Drogue : quel obstacle plomberait les actions de la brigade anti-drogue NDEA sur l’Archipel ? | Africatime
Mardi 28 Mars 2017

Drogue : quel obstacle plomberait les actions de la brigade anti-drogue NDEA sur l’Archipel ?

(Seychelles News Agency) - Les Seychelles, archipel de l’Océan Indien de 90 000 habitants, mènent depuis plusieurs années une lutte contre les trafiquants de drogue. La brigade anti-drogue NDEA, a saisi l’année dernière pour plus de 3 millions de dollars de stupéfiants. Les Seychelles, qui sont un archipel de 115 îles, en plein milieu de l’Océan Indien, sont entièrement entourées par la mer rendant difficile le contrôle des produits illicites qui entrent dans le territoire.
Le pays mène en parallèle un autre combat qui est celui d’aider les toxicomanes à sortir de leur dépendance.
A l’occasion de la journée internationale de la lutte contre la drogue, l’Alliance Française des Seychelles a invité le Dr David Mété chef du service d’Addictologie, du CHU Félix Guyon de Saint-Denisde la Réunion pour réaliser une semaine d’actions et d’interventions sur la problématique des addictions et notamment de l’héroïne aux Seychelles. Le ministère de la sante des Seychelles a parallèlement invité des experts des Nations Unis à participer à la journée internationale de la drogue et s’est rapproché du CHU Felix Guyon afin d’envisager une action de coopération ultérieure.

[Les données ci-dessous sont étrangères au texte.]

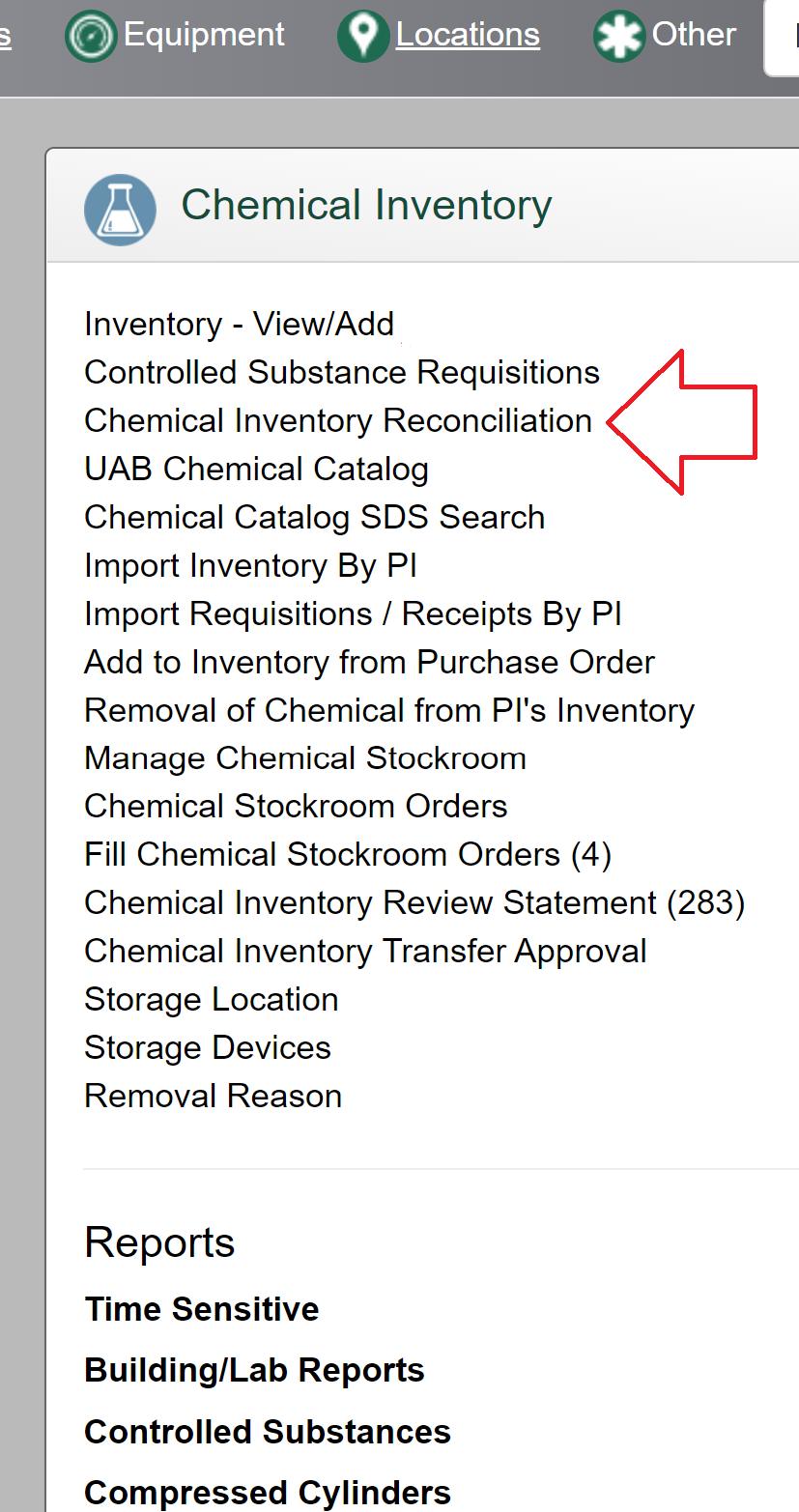 At the Chemical Inventory box, click on “Chem Inventory Reconciliation”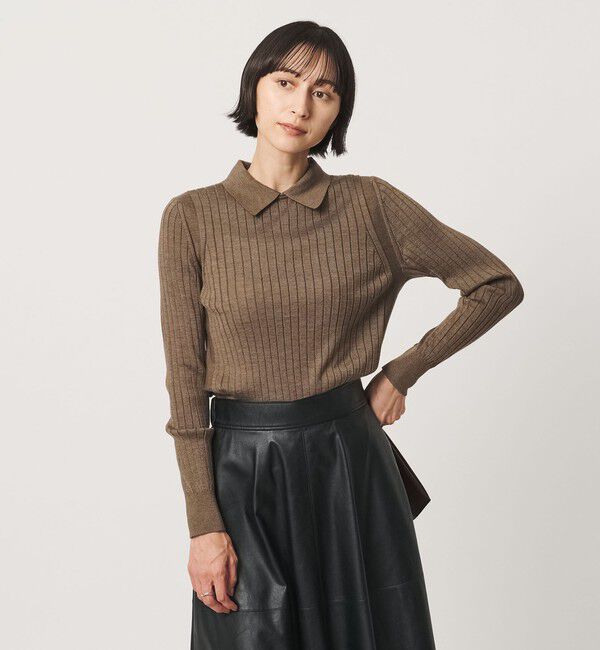 UNITED ARROWS「【別注】＜SLOANE＞ワイドリブ ポロニット」|Tシャツ・カットソー|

La Réunion est un département français d’Outre-mer, du sud de l’Océan Indien, qui a un peu les mêmes spécificités que les Seychelles, étant toutes les deux des îles.
Le Dr Mété s’est donc rendu aux Seychelles dans le but de recueillir les besoins dans le domaine des addictions et voir de quelle manière le Centre Hospitalier Universitaire pourrait contribuer à aider les Seychelles dans leur lutte contre la drogue.
Les derniers chiffres publiés indiquaient que la consommation d'héroïne aux Seychelles, archipel de l’Océan Indien, de 90 000 habitants, est une préoccupation majeure.

Selon les estimations d’une étude réalisée en 2011 sur l'injection de drogue dans le pays menées par le ministère de la Santé, on estimait à environ 1 000 le nombre de consommateurs d'héroïne dans le pays
Ces statistiques ont conduit le rapport mondial des Nations Unies sur les drogues de 2013, à conclure que les Seychelles ont l'un des taux les plus élevés au monde de consommation de drogues par voie intraveineuse.
« L’addiction est la pathologie que l’on soigne le moins dans le monde… » a déclaré le Dr Mété. Les cancers sont soignés, le diabète est soigné … La maladie que l’on soigne le moins partout dans le monde, y compris aux États-Unis ou en France c’est l’addiction. 10% seulement des gens qui souffrent d’addiction dans le monde sont diagnostiqués et insuffisamment soignés » a-t-il ajouté.

« J’ai rencontré aux Seychelles des professionnels qui travaillent dans le domaine des addictions qui sont des gens qui ont de grandes compétences et des connaissances qui sont tout à fait en adéquation avec les connaissances scientifiques internationales dans le domaine. Ce sont des gens pointus.
Il y a des manques de 2 ordres aux Seychelles dans sa politique de prise en charge des addictions relatives à l’héroïne. D’une part, concernant la mise à disposition large à l’ensemble des usagers d’héroïne de systèmes à moindres risques, tels que les kits d’échange de seringues. Mais aussi la possibilité dans le domaine du traitement d’avoir une mise à disposition plus importante de la méthadone ou d’autres moyens de substitutions qui puissent toucher la majorité des usagers. Donc avoir davantage de centres. »

Pour l’instant le ministère de la santé aux Seychelles distribue de la méthadone uniquement aux patients qui suivent un traitement au « Welness Center » et aussi à l’hôpital des Seychelles.
L’archipel a aussi sollicité le soutien technique des Nations unies pour effectuer une évaluation sur la situation des Seychelles face à la drogue.
« On va travailler avec la DAC (Conseil Drogue et Alcool) pour faire une étude et collecter les renseignements sur le terrain. Il est important de faire des études périodiquement dans l’idée de développer une réponse adaptée » a déclaré Sylvie Bertrand, conseillère régionale à l’ONUDC spécialiste VIH/SIDA dans le mandat usagers de drogues et prisons, lors d’une interview accordée à la SNA.
" On a visité beaucoup de pays et j’ai rarement vu un engagement aussi important au niveau ministériel. Les gens sont extrêmement engagés… Il y a un dévouement total du personnel technique dans différents ministères… Nous avons bien compris que les Seychelles ont un véritable défi à relever, notamment en matière de développement des ressources humaines et de l’expertise au niveau local".